## Aim of the task
Of all the lines below, output only those starting at the one with "如何将tpWallet转移到MetaMask钱包：详细指南和常见问题解答" and ending at the one with "Nhật Ký Khát Vọng 3 trang 32", both ends included, exactly as written.

## Record excerpts
----

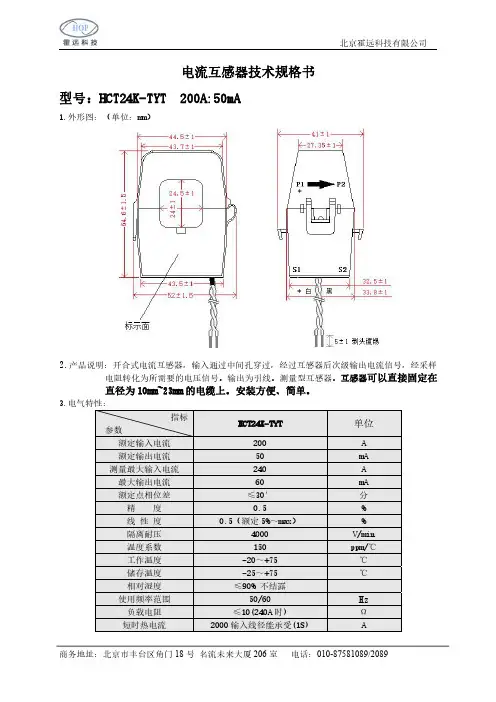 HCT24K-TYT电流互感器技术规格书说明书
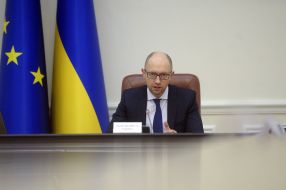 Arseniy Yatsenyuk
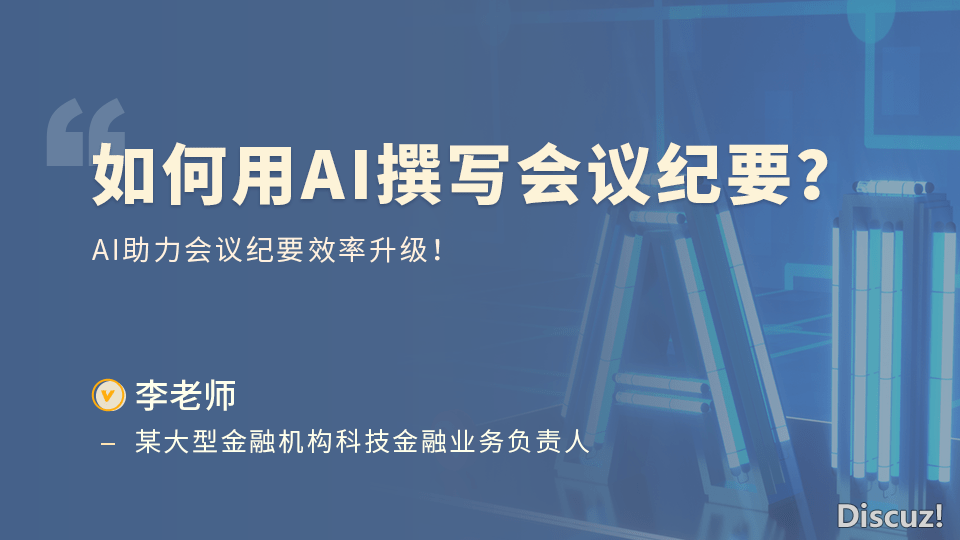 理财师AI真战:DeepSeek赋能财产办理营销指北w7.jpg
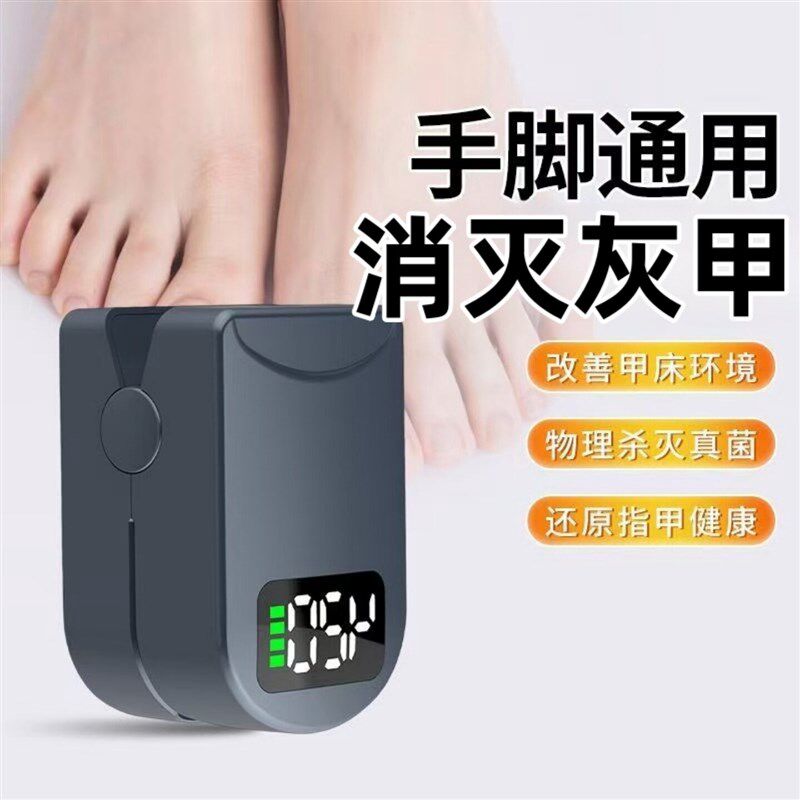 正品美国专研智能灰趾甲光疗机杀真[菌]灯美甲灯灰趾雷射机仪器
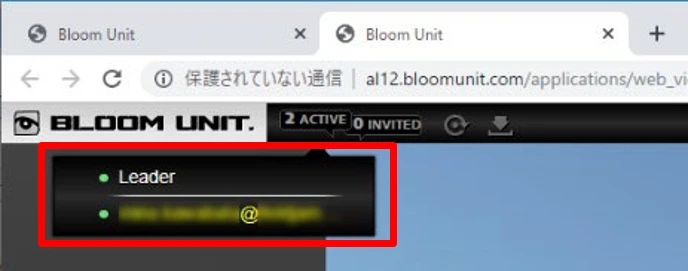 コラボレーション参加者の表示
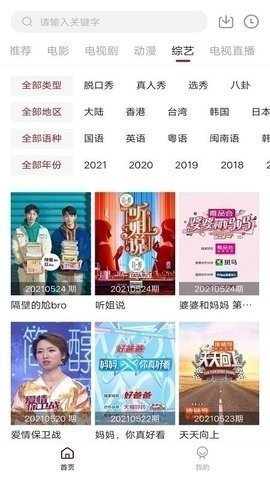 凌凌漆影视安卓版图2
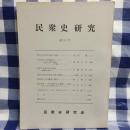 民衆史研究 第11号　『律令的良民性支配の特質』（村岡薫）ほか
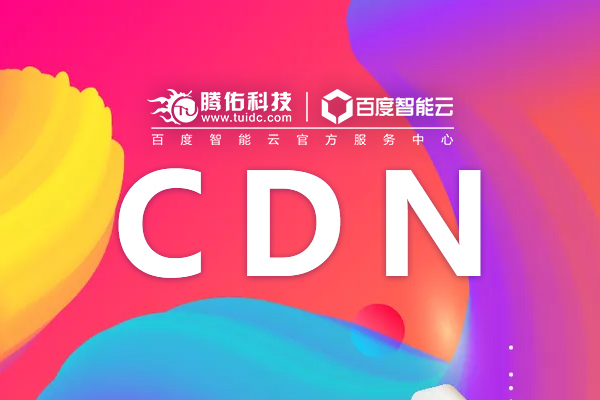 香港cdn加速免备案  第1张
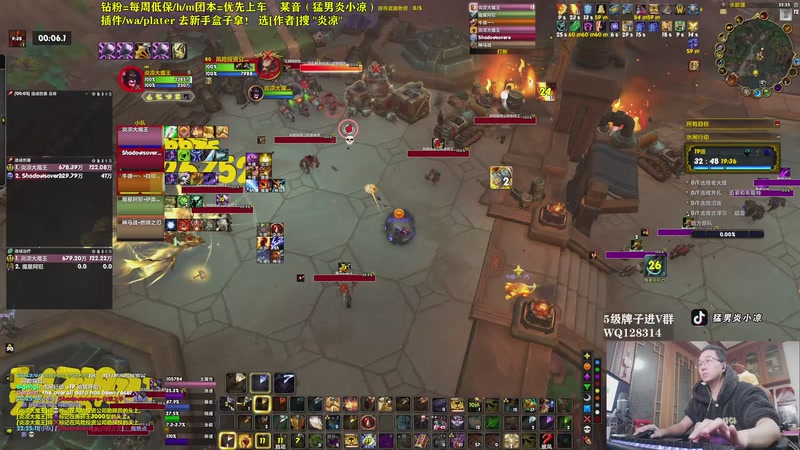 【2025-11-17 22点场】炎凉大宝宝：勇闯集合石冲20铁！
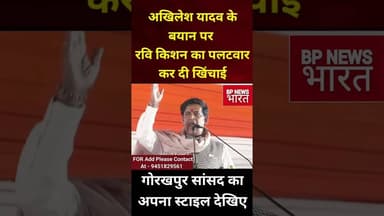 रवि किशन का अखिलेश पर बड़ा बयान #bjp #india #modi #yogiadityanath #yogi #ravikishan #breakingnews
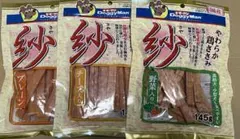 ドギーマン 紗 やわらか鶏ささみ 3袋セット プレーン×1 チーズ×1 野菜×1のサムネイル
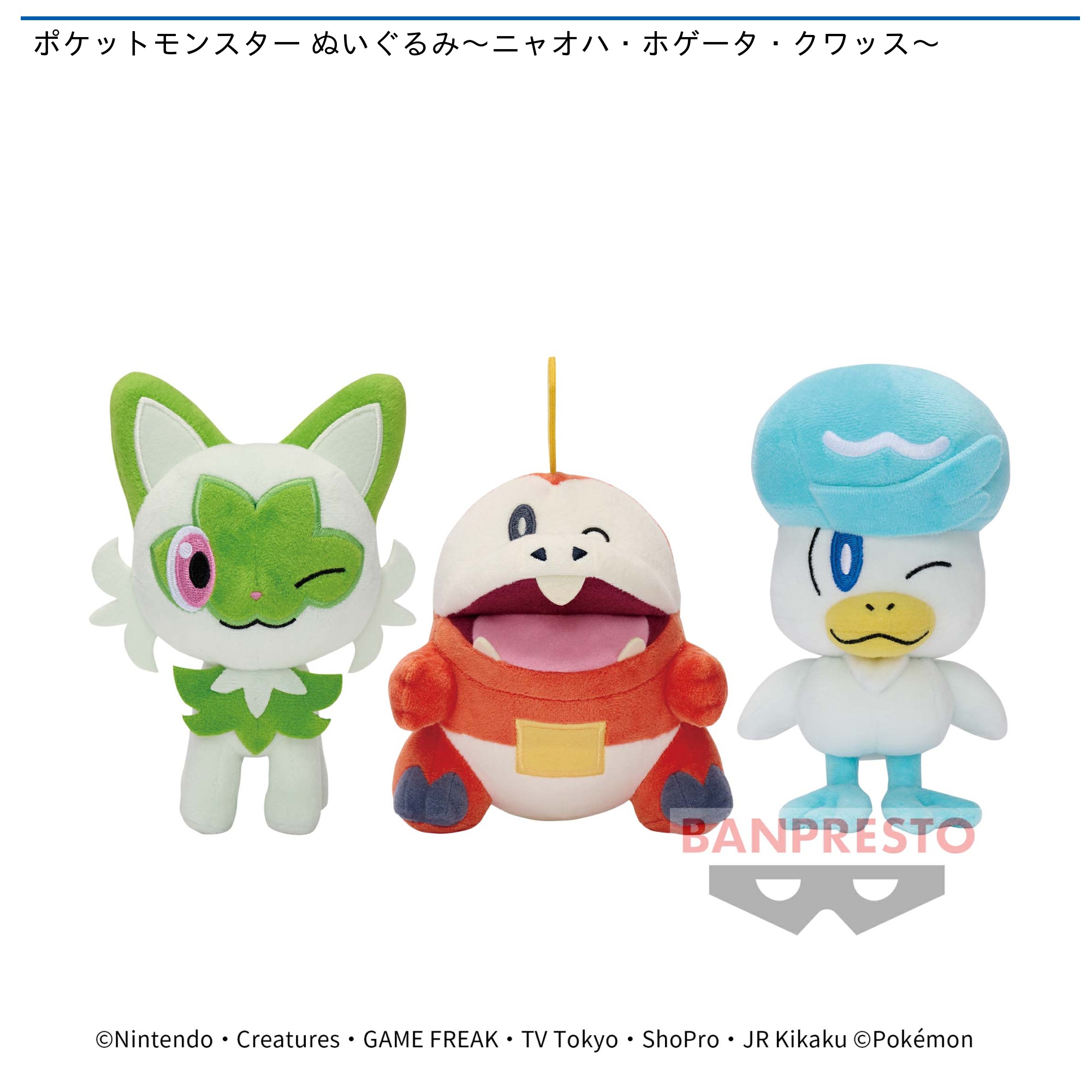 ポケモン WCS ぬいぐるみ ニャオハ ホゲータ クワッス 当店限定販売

----

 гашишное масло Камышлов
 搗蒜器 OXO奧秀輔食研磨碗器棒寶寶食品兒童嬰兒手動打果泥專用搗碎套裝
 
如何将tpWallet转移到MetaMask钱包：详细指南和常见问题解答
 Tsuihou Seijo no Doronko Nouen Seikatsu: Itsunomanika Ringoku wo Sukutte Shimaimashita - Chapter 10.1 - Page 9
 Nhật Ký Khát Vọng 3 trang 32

----

## Exercise answer
如何将tpWallet转移到MetaMask钱包：详细指南和常见问题解答
 Tsuihou Seijo no Doronko Nouen Seikatsu: Itsunomanika Ringoku wo Sukutte Shimaimashita - Chapter 10.1 - Page 9
 Nhật Ký Khát Vọng 3 trang 32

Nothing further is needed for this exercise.